[Caption-style text data]
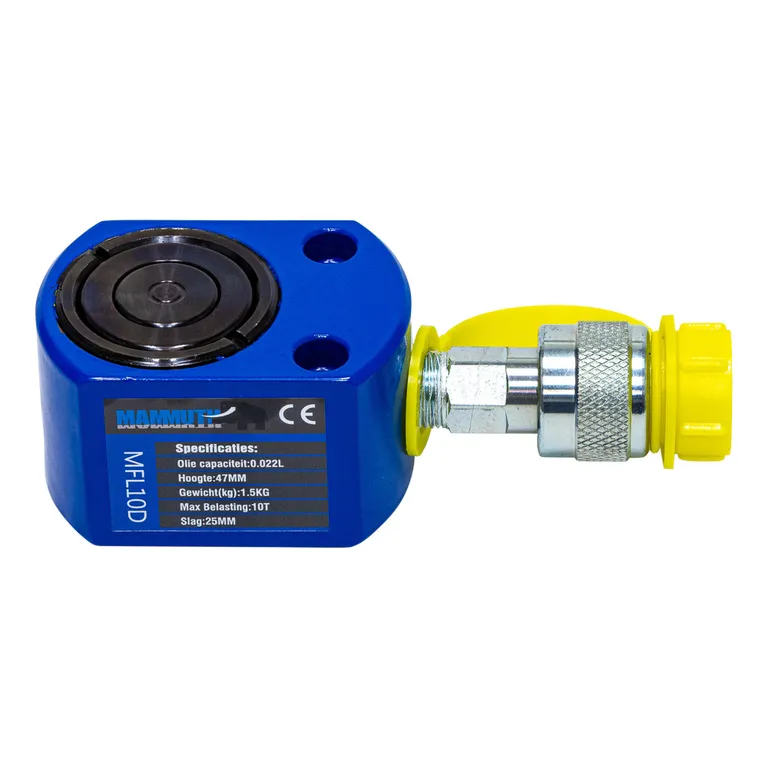 MAMMUTH dobbel flatsylinder 10t. 25 mm. slag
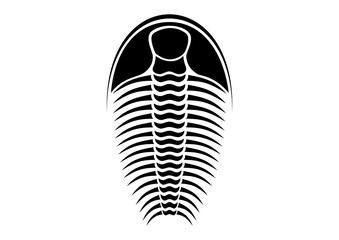 trilobite - black and white vector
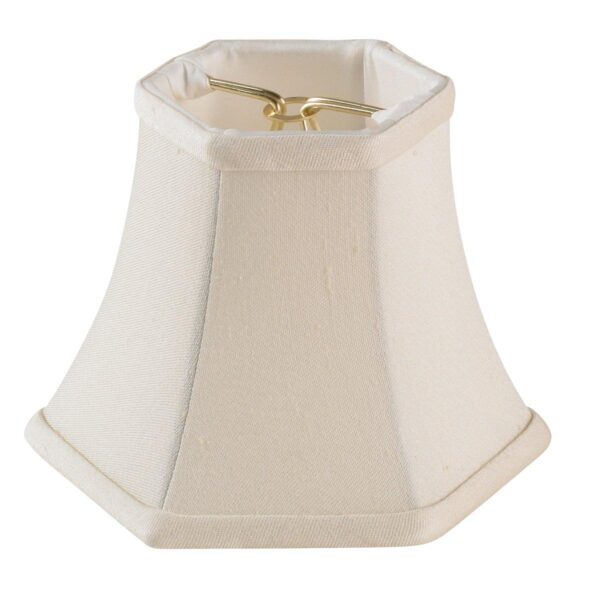 LS16015.0.LS16015CM 5″ Satin Hexagon Bell Chandelier Shade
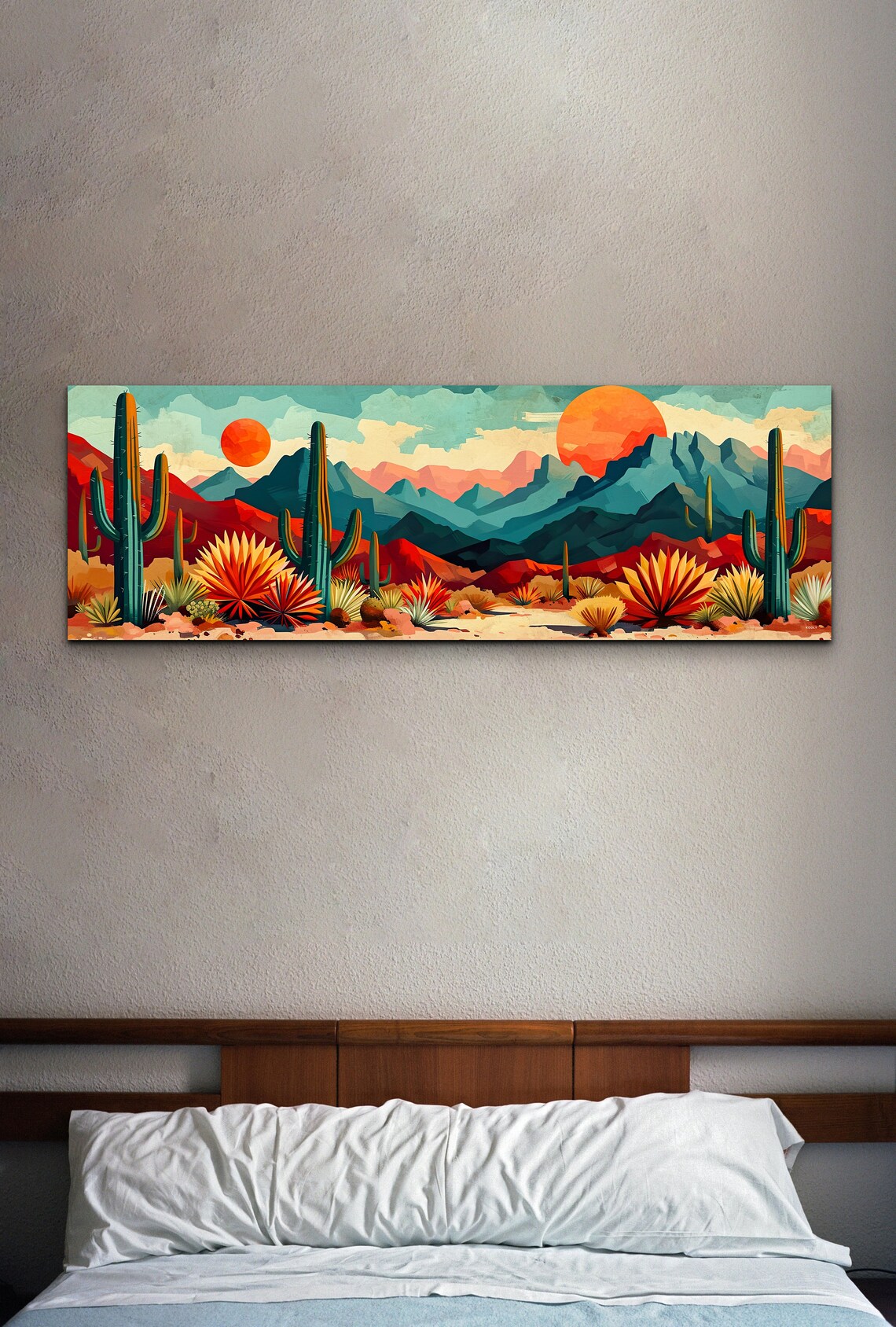 Panoramic Arizona Mid-Century Modern Art Print - Image 4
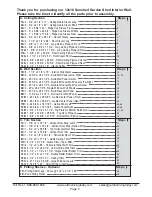 Preview for 2 page of OLT 12x16 Sunshed Garden Assembly Manual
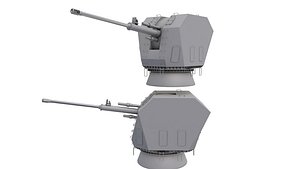 3D TAKOM 2189 Naval Gun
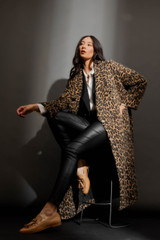 Animal Faux Fur Coat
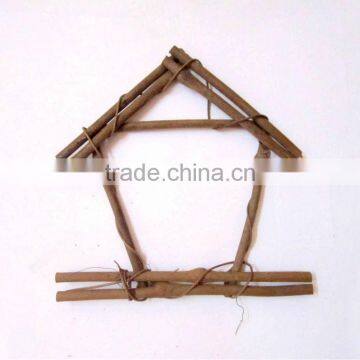 decorative rattan wood house natural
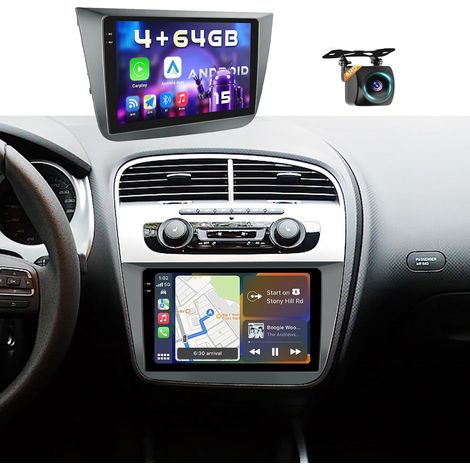 4+64GB Android 15 Autoradio pour 2004-2015, 2004-2009 Carplay Android Auto sans Fil, 9 Pouces Écran Tactile Poste Radio Voiture BT/GPS/Caméra de Recul/FM RDS/EQ/WiFi/SWC (1/5)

Task to complete:
Beginning with the line where "3D TAKOM 2189 Naval Gun" appears, transcribe the records above word for word through their last line, and include no pictures.

Solution to the exercise:
 3D TAKOM 2189 Naval Gun
 Animal Faux Fur Coat
 decorative rattan wood house natural
 4+64GB Android 15 Autoradio pour 2004-2015, 2004-2009 Carplay Android Auto sans Fil, 9 Pouces Écran Tactile Poste Radio Voiture BT/GPS/Caméra de Recul/FM RDS/EQ/WiFi/SWC (1/5)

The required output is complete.